Amarillo College has suspended its Aviation Maintenance Program on its East Campus for the summer. It's a move that students say has left them scared, mad, and worried.
Pronews 7 received two emails from concerned students and their family members, angry over what they said is negligence on Amarillo College's part to keep the program running and properly and leaving them high and dry. So Pronews 7 went in search for answers from both Amarillo College and the Federal Aviation Administration.
As Chris Johnson sifts through what is left of his classroom on the Amarillo College East Campus, he and his classmates are worried that their college plans might not turn out the way they had hoped. They tell Pronews 7 it was earlier this week their counselor broke the news they would not be allowed to finish their final week.

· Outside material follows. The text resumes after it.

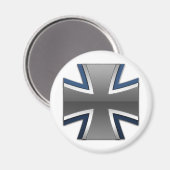 Duitse strijdkrachten magneet (Voorkant / Achterkant)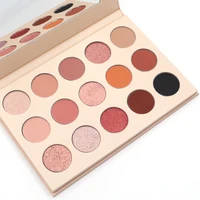 

2019 hot sell free sample Vegan eyeshadow and free custom eyeshadow palette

"The counselor and the director came in and they told us kind of what know for a year that the FAA has stepped in told them they need to shut it down," said AC student, Chris Johnson.
Pronews 7 spoke with Amarillo College and the FAA. Both say it was the college's decision to suspend the program to make improvements to it.
"We have voluntarily suspended our program because we're moving into the new space and we're working with the FAA to make sure the new space is in compliance with their regulations," said Vice President for Academic Affairs, Russell Lowery-Hart.
Students also expressed their anger over what they're calling a wasted summer semester trying to earn their degree. They say now they're set back.
"It's heart breaking I was really looking forward to getting this thing done and over with and starting my life," said AC student, David Booe.
However, Amarillo College officials say this should have no impact on these students graduating on time.
"Students that are seeking a degree there won't be specific classes this summer for them to take in aviation, but there are other classes they can take toward their associates degree, core classes. Their aid won't be affected, their time degree won't be affected," said Lowery-Hart.
Amarillo College officials did say the students confusion and anger comes from miss-communication on the college's part, and they're working to fix it.
"We've sent an additional email this afternoon and will be meeting with them next week in person just to clarify because the program will be bigger and better they'll actually benefit from the changes that we're making".
Amarillo College officials also said they were not aware of the issues these students were facing until Pronews 7 brought their concerns to their attention. Russell Lowery-Hart said when this project is finished there will be new equipment and the students will be working out of two airplane hangers rather than one. He also stressed the program will be back in the Fall with all the upgrades made. Pronews 7 will follow up.